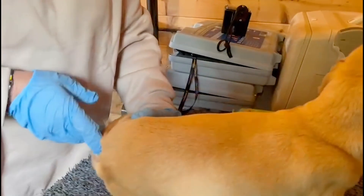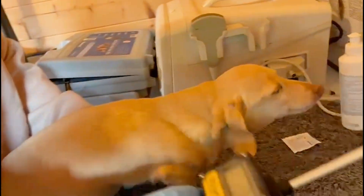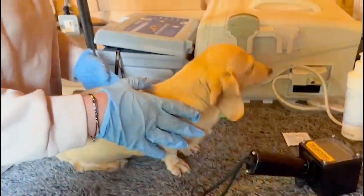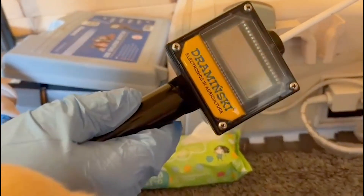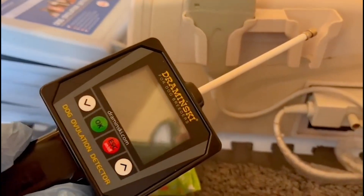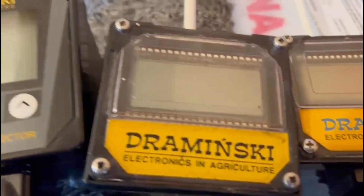We're doing this video to show you how the Draminsky works. We have been using Draminskys for probably 15 years. This is the Drod Ovulation Tester — our eldest one — and then we've got another one, our second eldest, and then the youngest model, which is called the DOT 2, which is very exciting because you can store data and do all different things with it.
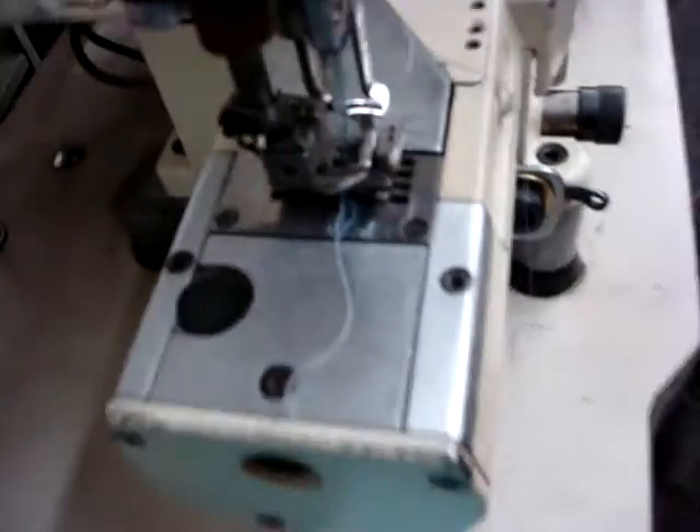It's hard to see with the fabric, but right here — one-eight, as you see — and over here you can see also. Alright, trimming, trimming, and it trims automatically.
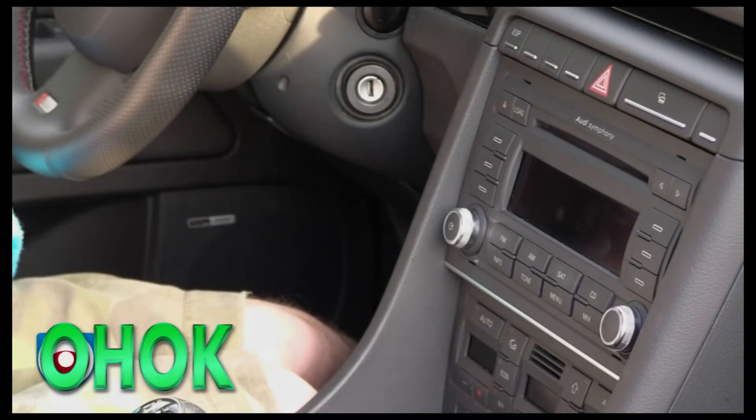We are right now in a 2007 Audi A4. We are about to install the Denshin Gateway 100 iPod interface as well as the 2.5 spec dock.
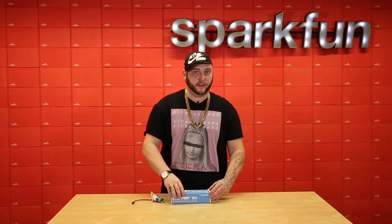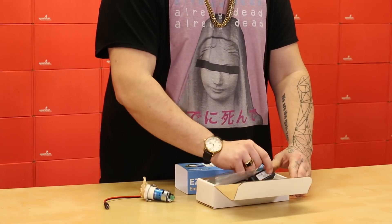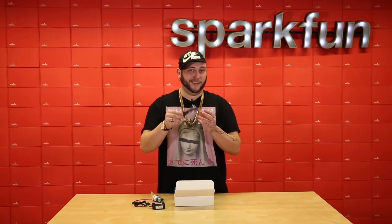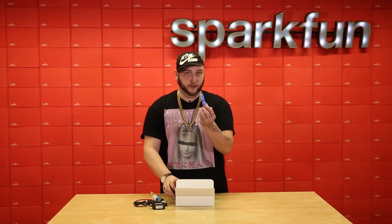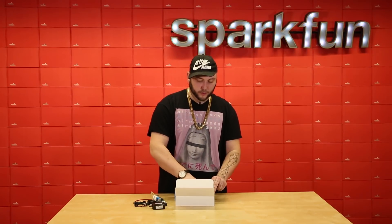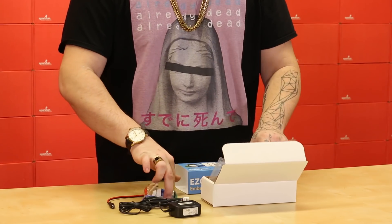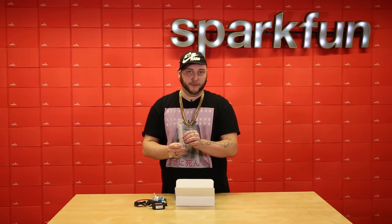Besides the pump itself, the kit also includes everything that you need to get started, including a power supply for the pump itself, a nice long data cable, a longer piece of tubing, two inline tubing connectors to connect that to the tubing that's integral to the pump, and finally, for calibration, this cute little 10 milliliter graduated cylinder.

● ● ● ● ● ● ●

Work instruction. The preceding listing must be repeated exactly, with all images dropped.

Exercise output.
We're doing this video to show you how the Draminsky works. We have been using Draminskys for probably 15 years. This is the Drod Ovulation Tester — our eldest one — and then we've got another one, our second eldest, and then the youngest model, which is called the DOT 2, which is very exciting because you can store data and do all different things with it.
It's hard to see with the fabric, but right here — one-eight, as you see — and over here you can see also. Alright, trimming, trimming, and it trims automatically.
We are right now in a 2007 Audi A4. We are about to install the Denshin Gateway 100 iPod interface as well as the 2.5 spec dock.
Besides the pump itself, the kit also includes everything that you need to get started, including a power supply for the pump itself, a nice long data cable, a longer piece of tubing, two inline tubing connectors to connect that to the tubing that's integral to the pump, and finally, for calibration, this cute little 10 milliliter graduated cylinder.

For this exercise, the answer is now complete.